ARTICLE AD BOX

- Circle joins hands with Onafriq to cut heavy cross-border costs and ease money flow using USDC across Africa.
- Soaring currency devaluation pushes stablecoin shift as Circle eyes major remittance corridors and builds trust in weak systems.
Stablecoin issuer Circle has partnered with Africa’s premier payments network, Onafriq, to change the way payments flow throughout the continent. The move could affect over 200 million bank accounts and over 500 mobile wallets in more than 40 countries. This partnership is in response to Africa’s increasing appetite for cheaper and faster cross-border payments.
We’ve partnered with @circle to expand access to cross-border payments across Africa!
By integrating USDC-powered settlement solutions into our network, we’re making intra-African payments faster and more efficient for individuals and organisations.
Learn more:… pic.twitter.com/EJLmY4sdoT
— Onafriq (@Onafriq) April 30, 2025
Currently, cross-border payments in Africa experience inefficiencies, with more than 80% of them being sent through banks outside of the continent and paid in a currency outside of the region, most typically the euro or the US dollar. Such traditional methods cost the region almost $5 billion in fees each year. All this will require the use of USDC, the U.S. dollar-backed stablecoin of Circle and Onafriq.

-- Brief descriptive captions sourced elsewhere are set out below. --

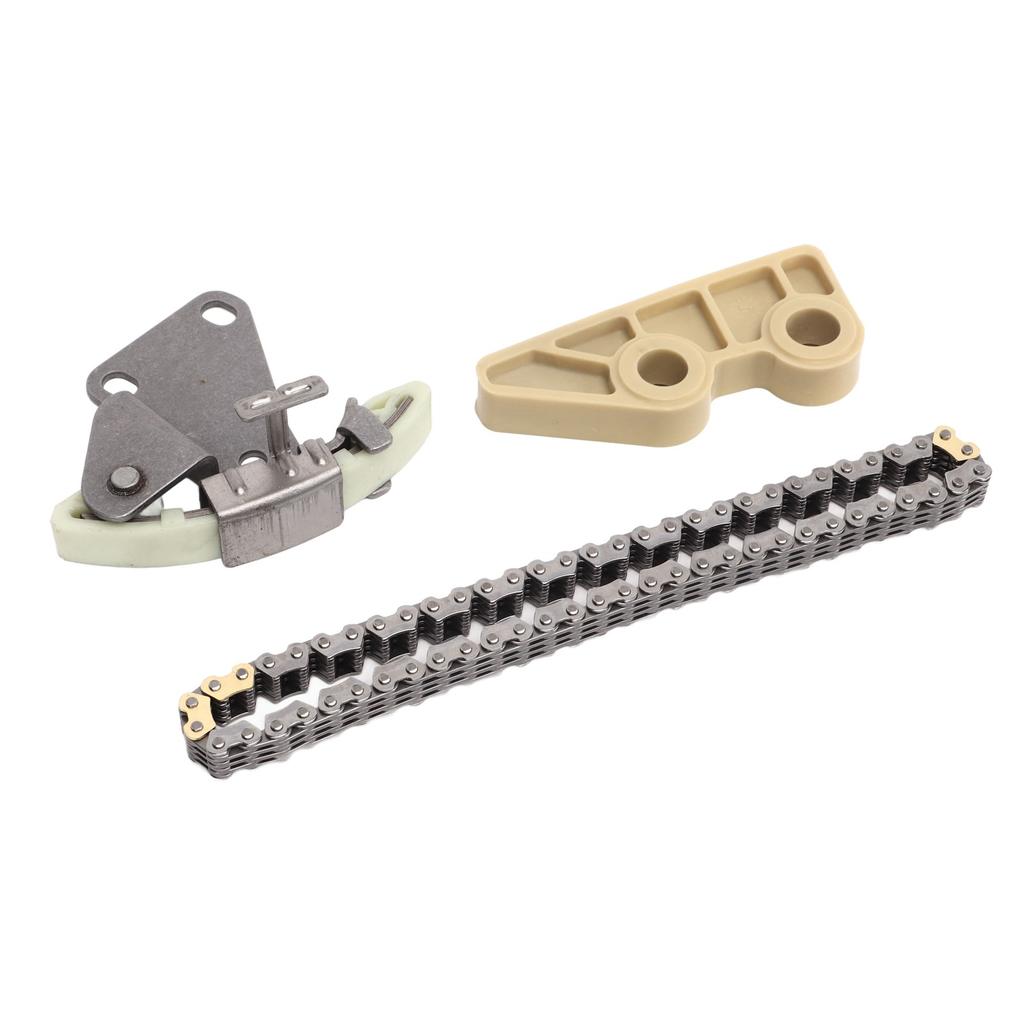 Oil Pump Chain Tensioner Guide Kit 13460 PNC 004 Timing Chain Set for Type R EP3 ITR DC5 K20A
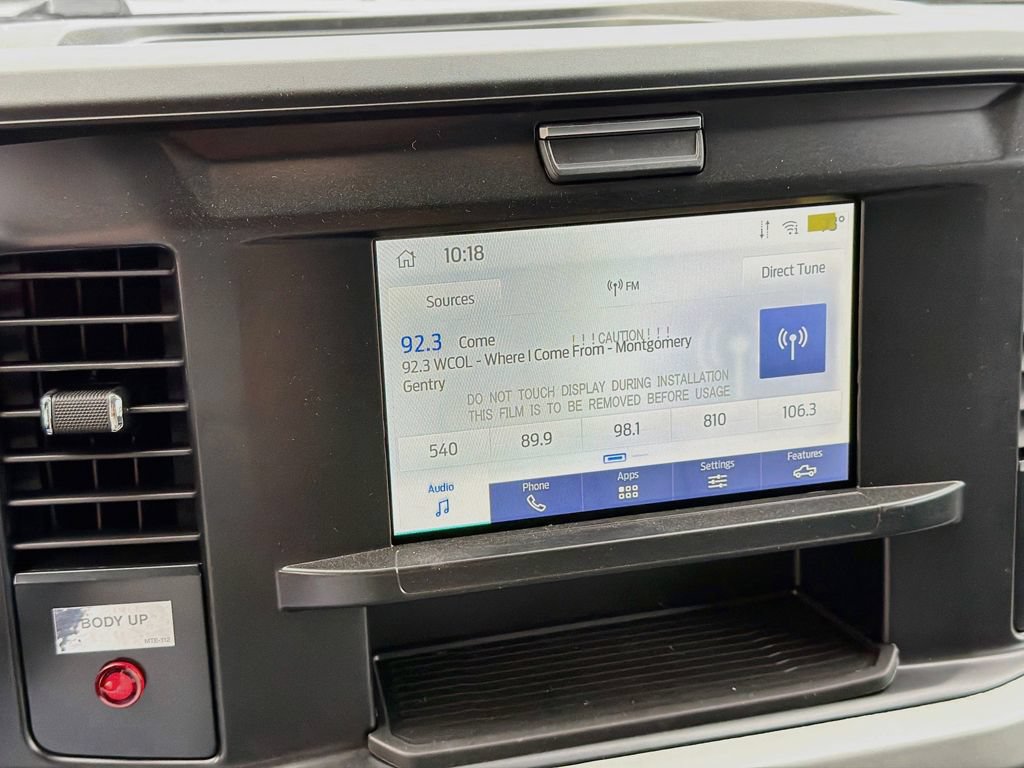New 2026 Ford F550 4x4 Crew Cab image 30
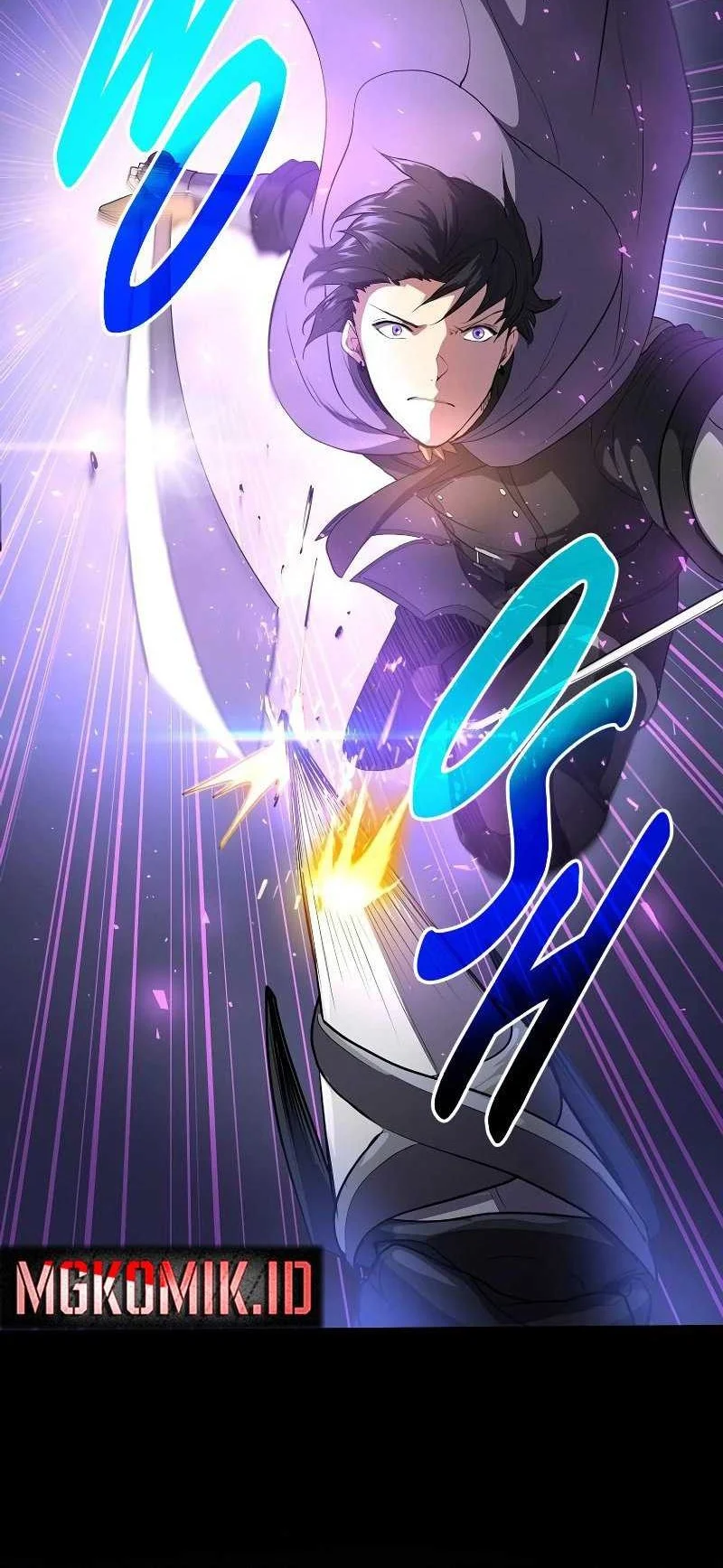 Leveling Up with Skills Chapter 60 - halaman 52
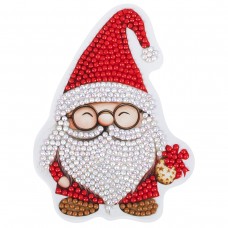 Кристальная (алмазная) мозаика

“By integrating USDC, we aim to simplify financial transactions for institutions and individuals, reduce costs and strengthen trust,” said Onafriq CEO Dare Okoudjou.
The partnership is positioned to reduce the reliance on correspondent banks and make digital financial services more accessible and trustworthy.
Circle Taps African Market as Currency Pressures Mount
As per Chainalysis, stablecoin use represented about 43% of all transaction volume throughout Sub-Saharan Africa in October of 2024. One of the key reasons behind the move has been continuous currency devaluation. The naira of Nigeria alone has depreciated by over 100% in 2024 and has driven the move to stablecoins.
The vice president of Circle in the Middle East and Africa, Miriam Kiwan, focused on the larger vision behind the endeavor.
Together, we aim to transform how money moves across borders, offering secure and transparent digital payment rails that enhance economic empowerment and connectivity,
Circle’s expansion into Onafriq is in line with its overall international growth strategy. In its expansion effort, Circle is looking to cement USDC’s role in key remittance routes and emerging markets where users experience high transfer fees and unreliable financial systems.
Broader Strategy and Regulatory Support Back Expansion
On 21st April 2025, Circle introduced the Circle Payments Network (CPN), a network that is intended to iron out the wrinkles of international settlements with stablecoins. It is a collaboration of over 20 members featuring World Remit, Yellow Card, and Fireblocks, with advisory contributions from Standard Chartered and Deutsche Bank, among others.
CPN is likely to support a range of payment use cases from payroll to treasury payments and to offer secure, rapid, and inexpensive alternatives to traditional payment methods. Along with creating alliances, Circle is shifting to gain regulatory traction.
On the 29th of April, the company received in-principle approval from the Abu Dhabi Global Market’s Financial Services Regulatory Authority. This gives it the right to be a licensed money services provider in the UAE and further solidifies its role among serious contenders in the global digital payments space.